Mon père est toujours prêt à raconter des blagues sur le mariage. L’une qui déclenche inévitablement des rires est celle-ci : « Je suis marié depuis quarante ans, mais j’ai l’impression que ça fait deux jours… (pause pour que l’assistance puisse s’exclamer : ouah !) Yom Kippour et Ticha’ Béav ! ». Bien qu’il soit satirique d’assimiler le mariage à un jeûne de 25 heures, malheureusement, de nombreux couples mariés depuis longtemps pensent que cette blague contient une parcelle de vérité.

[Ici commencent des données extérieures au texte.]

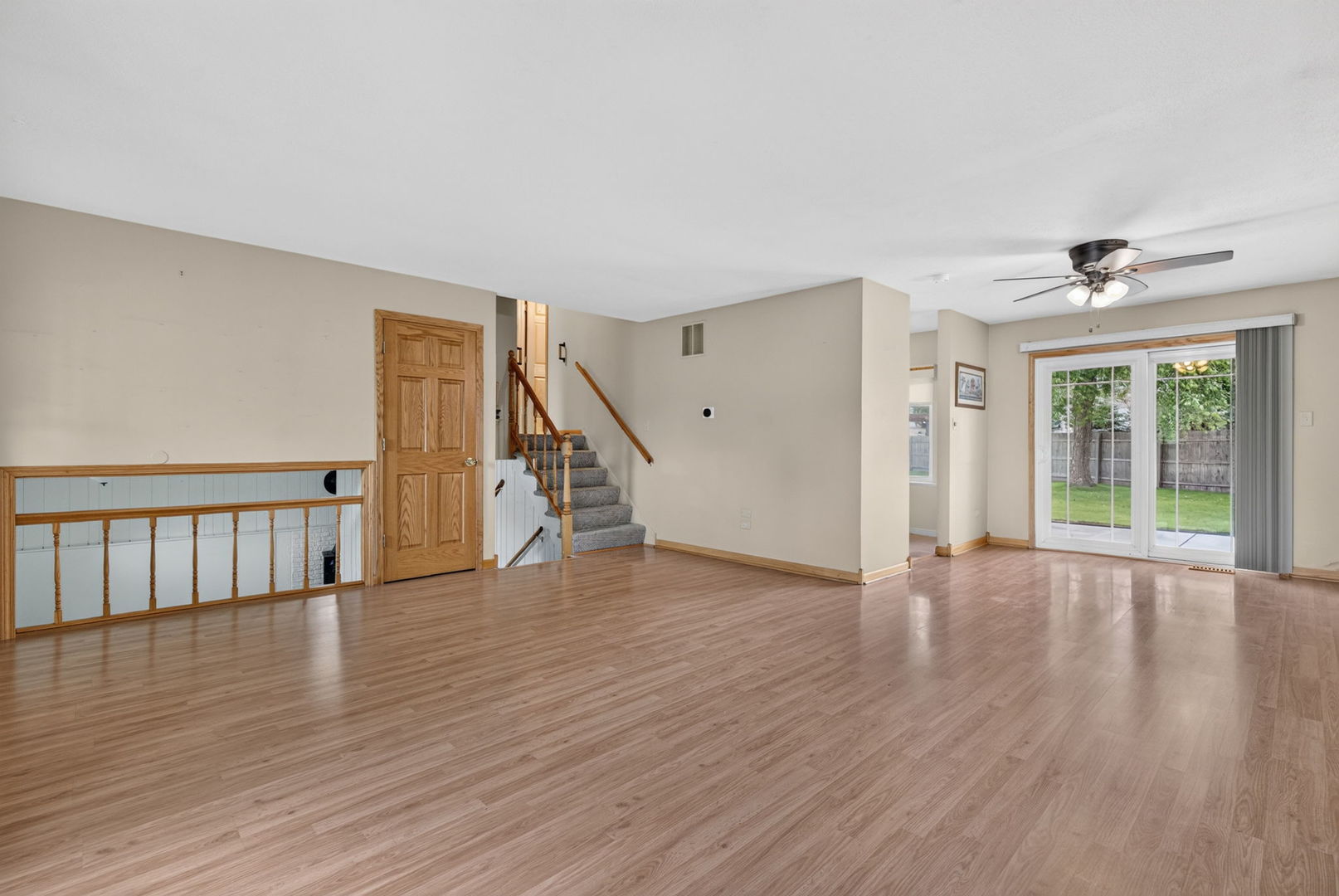 7606 W Royce Court Property Photo 3
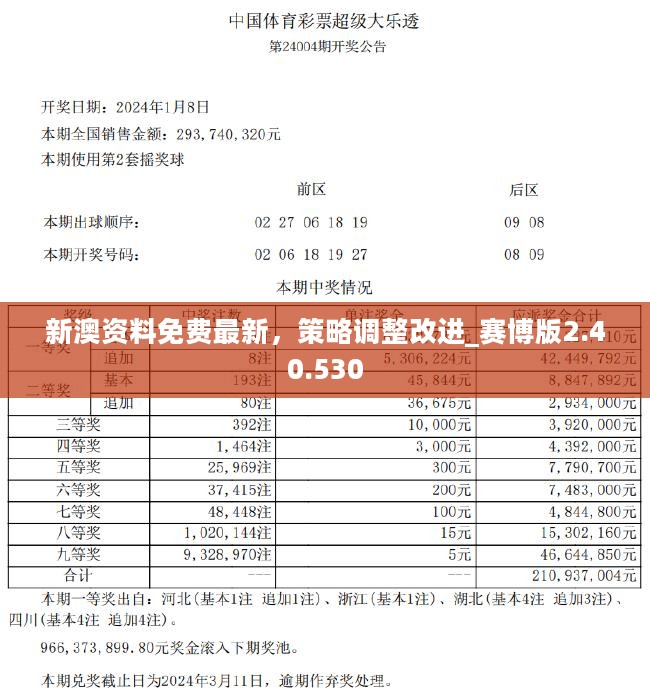 新澳今天晚上9点30分精选解析、解释与落实、实时解答解释落实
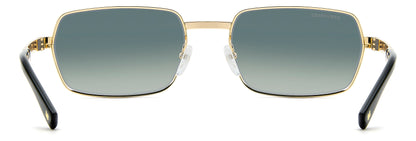 DSQUARED2 D2 0192/S 000 EZ 58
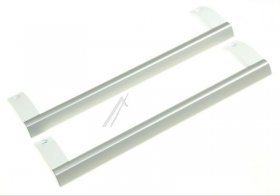 Door Handles - 11033321 Handle-door [Bosch Siemens]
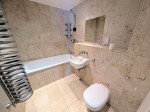 Images for Falcon Drive, Cardiff Bay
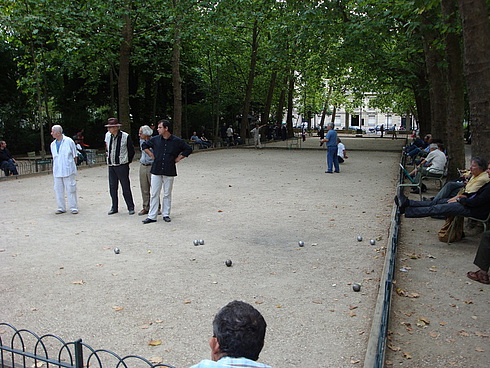 /photo/centner/96033971/large/106614250.jpg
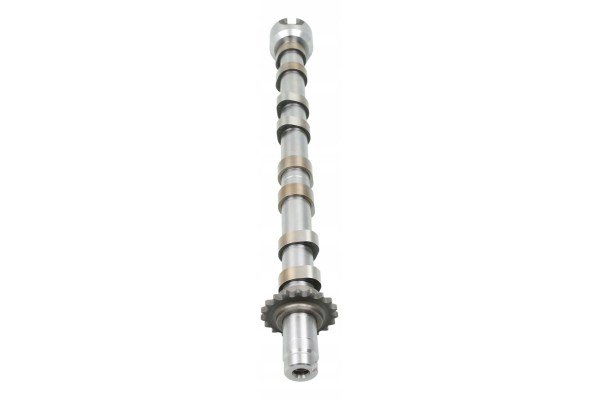EXHAUST CAMSHAFT CITROEN PEUGEOT 2 0 9804424280 NEW ORIGINAL Catalog number of the part 9804424280
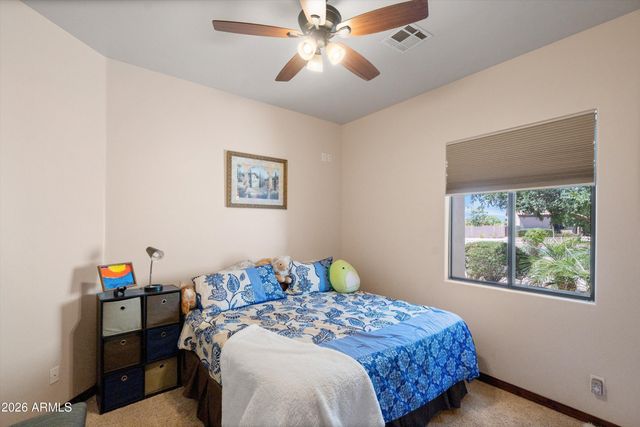 3311 N 190TH Drive, Litchfield Park, AZ 85340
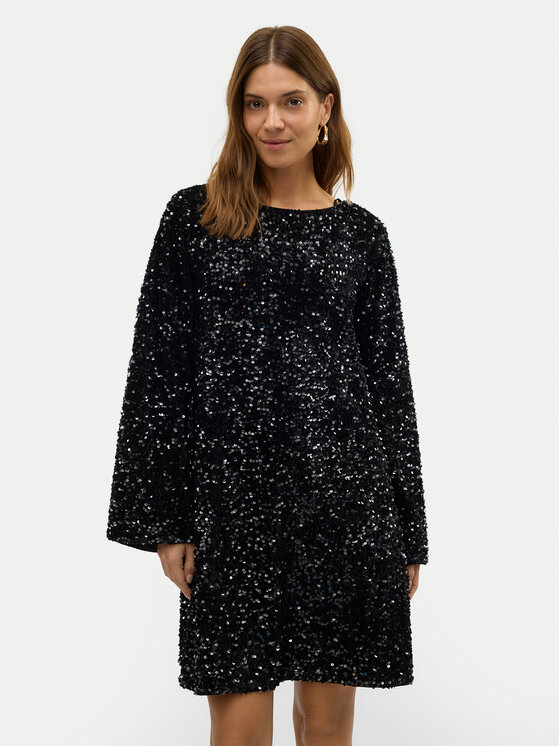 Коктейлна рокля Vero Moda за Жени цена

Ils réfléchissent à leur mariage en se demandant s’ils ont été en quelque sorte enivrés par l’enthousiasme et qu’on les a persuadés de se marier. On dirait qu’ils sont coupables d’avoir contracté un engagement sous influence.

Les Juifs ont été confrontés exactement au même problème le jour de leur mariage il y a 3300 ans : Matane Torah, le don de la Torah. La Torah affirme (Chémot 19, 17) : « Moché fit sortir le peuple du camp au-devant de la divinité et ils s’arrêtèrent au pied de la montagne. » La Guémara dans Chabbath 88a dit : « Hachem a tenu la montagne au-dessus de la tête du peuple comme un tonneau (pour la bière/l’alcool) et a dit : "Si vous acceptez la Torah, très bien, mais dans le cas contraire, ce sera votre tombeau". »

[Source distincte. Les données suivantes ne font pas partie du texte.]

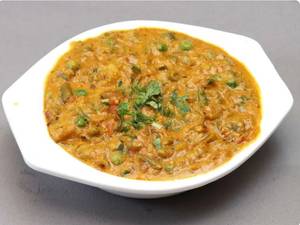 Veg Korma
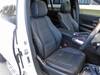 MERCEDES BENZ GLS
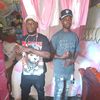 jackypierre795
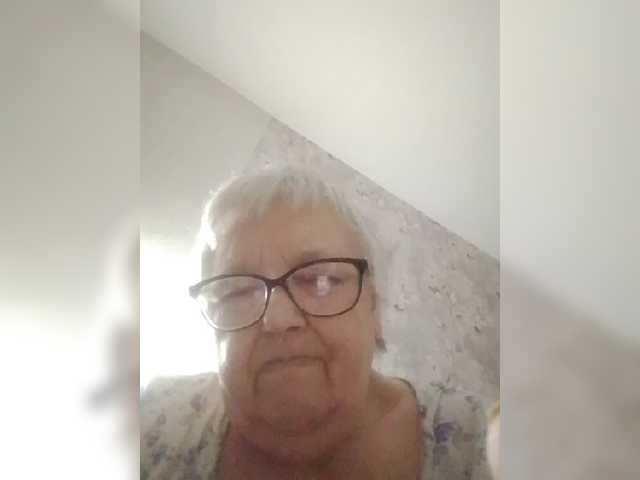 Gelja73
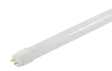 Led Energie LED-valaisinputki 18W, T8, G13, 2160lm, 4000K, 120cm - Led-Loisteputket - 0021578 - 1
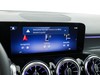 Mercedes GLB 180 d amg line advanced plus auto diesel grigio
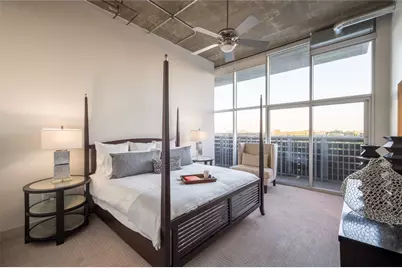 4899 Montrose Boulevard #713, Houston, TX 77006 - Photo 5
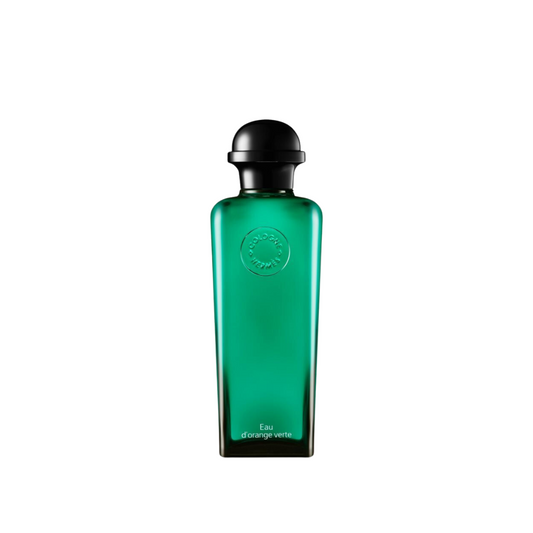 Hermès Eau d'Orange Verte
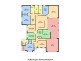 23 Mornington Parkway, Ellenbrook WA 6069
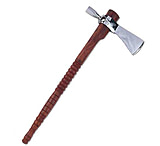 Image of Fury Peacepipe Tomahawk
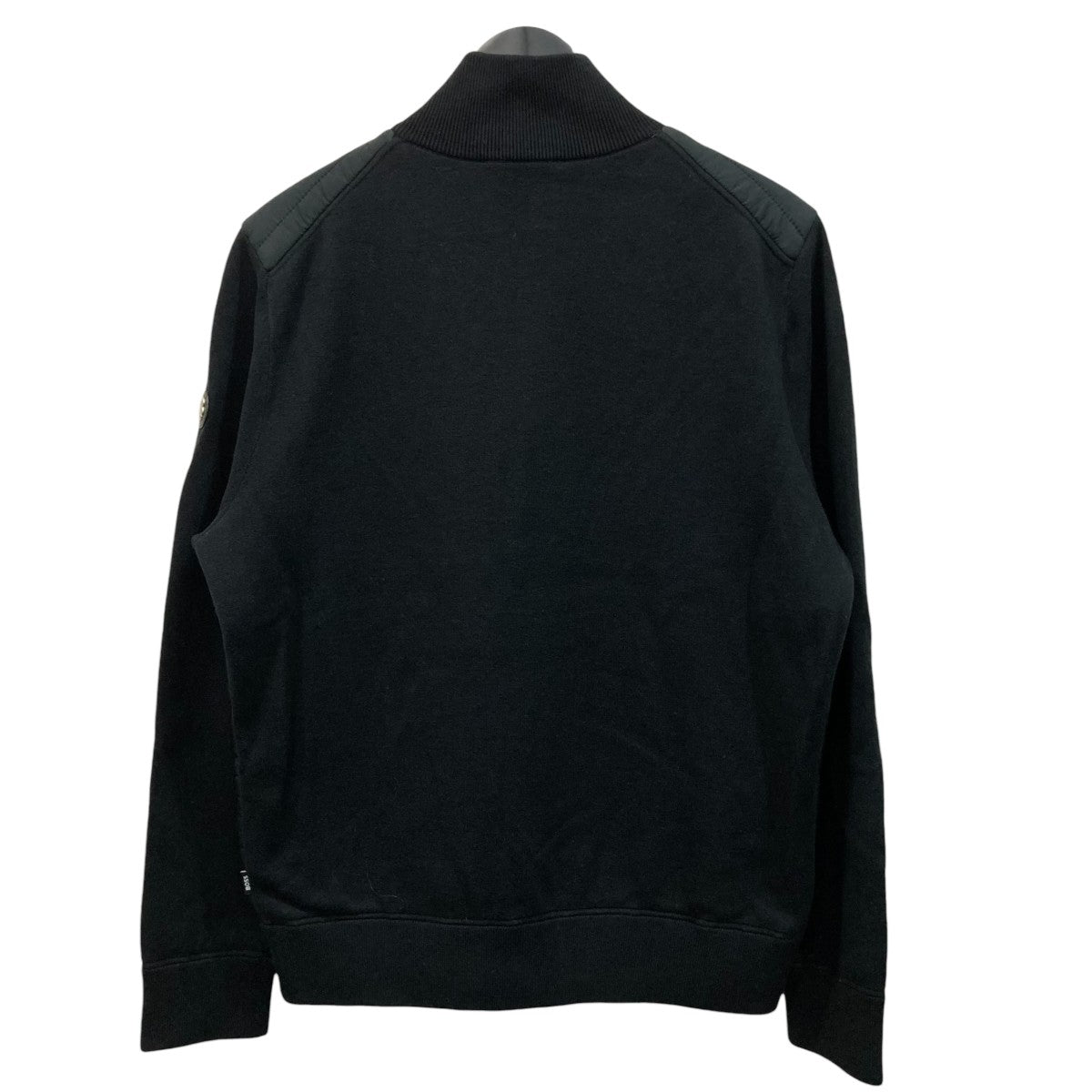 BOSS H-HERNESTRO PADDED JACKETダウンジャケット 古着・中古-3枚目のアイテム画像
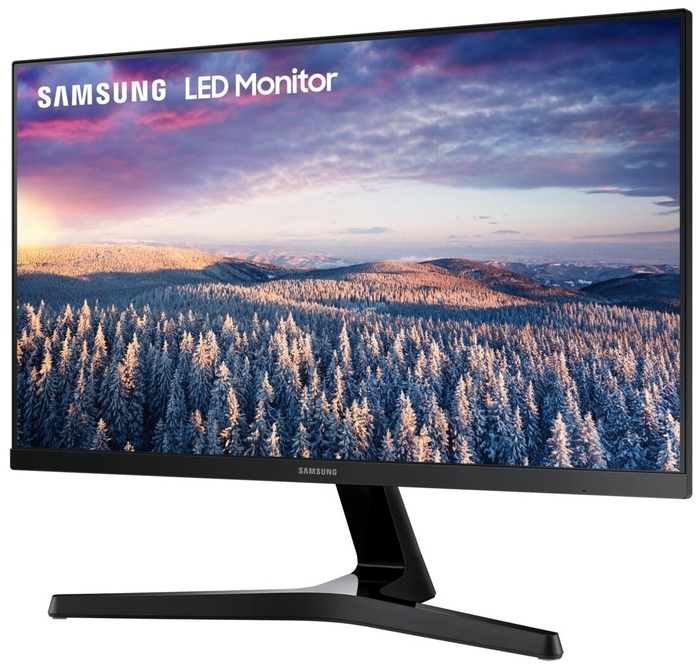 Samsung 27" TFT IPS S27R356FHI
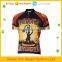 Make plus size cycling jersey/cycling uniform/cycling wear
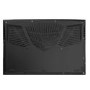 Gigabyte AERO 17 Core i7-9750H 16GB 512GB SSD 17.3 Inch FHD GeForce RTX 2070 8GB Windows 10 Pro Gami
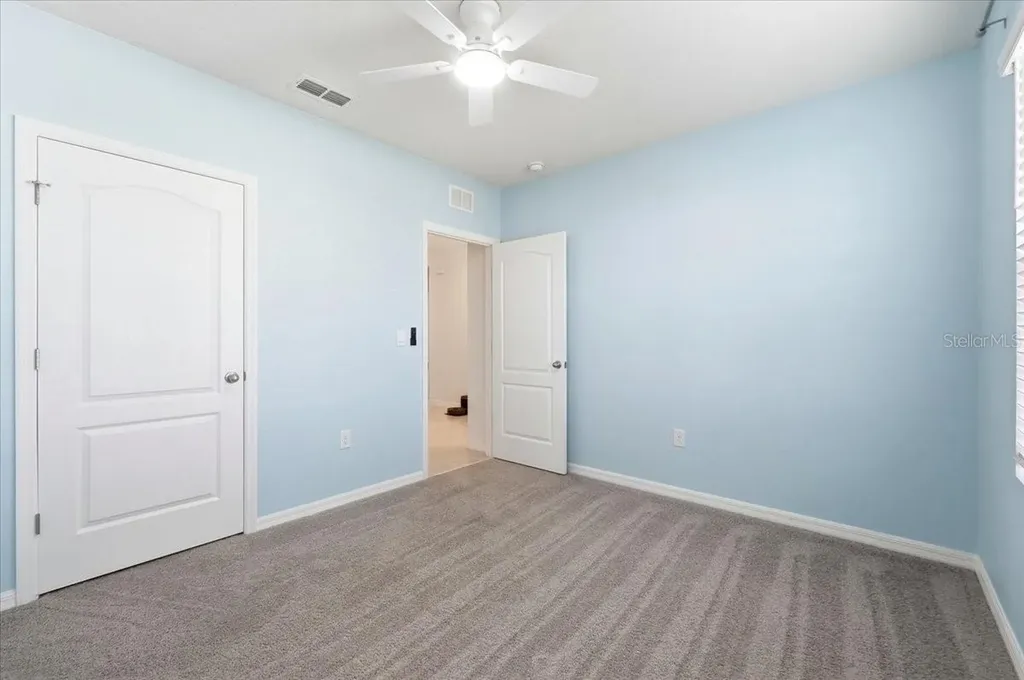 4969 Foxglove Circle Lakeland FL 33811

Pourquoi D.ieu a-t-Il eu recours à un fût pour contraindre les Juifs ?

Rabbi Shimon Schwob explique que cette Guémara traduit l’état affectif des Juifs au moment où ils ont reçu la Torah. Ils étaient inondés de miracles exprimant l’amour du Maître de l’univers à leur égard. Ils ont assisté aux plaies d’Égypte, à l’ouverture de la mer, ils ont vu la nourriture céleste, la défaite d’Amalek et d’innombrables autres miracles qui ont créé de l’affection en eux pour D.ieu. Toutes ces expériences les ont contraints à vivre un engagement sous influence. Tout comme l’alcool obstrue la clarté de pensée, le peuple juif était ivre des miracles. Cette forme d’engagement était superficielle et serait confrontée aux défis lorsque l’orchestre cesserait de jouer, au moment de l’extinction des feux. Le niveau de pratique des Juifs allait diminuer alors que les miracles de leur Bien-aimé devenaient de plus en plus subtils et dissimulés dans la nature.

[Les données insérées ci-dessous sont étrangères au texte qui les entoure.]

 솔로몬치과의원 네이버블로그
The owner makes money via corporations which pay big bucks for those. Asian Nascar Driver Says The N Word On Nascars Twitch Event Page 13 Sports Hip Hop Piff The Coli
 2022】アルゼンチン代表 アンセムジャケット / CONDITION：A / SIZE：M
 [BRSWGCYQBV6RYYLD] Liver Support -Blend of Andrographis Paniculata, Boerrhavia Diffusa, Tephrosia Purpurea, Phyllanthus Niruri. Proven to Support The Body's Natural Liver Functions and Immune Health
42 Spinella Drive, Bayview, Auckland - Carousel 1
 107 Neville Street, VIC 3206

La Guémara poursuit : « Néanmoins, les Juifs ont accepté à nouveau la Torah à l’époque d’A’hachvéroch. » Et Rachi d’expliquer : « En raison de l’affection pour le miracle réalisé pour eux. » Le miracle de Pourim ne s’est pas déroulé en un clin d’œil, il a eu lieu sur une durée de neuf ans. Les Juifs de Perse étaient plongés dans l’obscurité. Il n’y avait pas de miracles visibles, tout se déroula par des moyens « naturels » au jour le jour. C’est uniquement en méditant que les Juifs réalisèrent que D.ieu veillait sur eux avec attention et affection. A ce moment-là, ils approfondirent leur engagement, par amour sincère, et non par simple engouement éphémère. Les Juifs étaient prêts à observer la Torah dans toutes les circonstances.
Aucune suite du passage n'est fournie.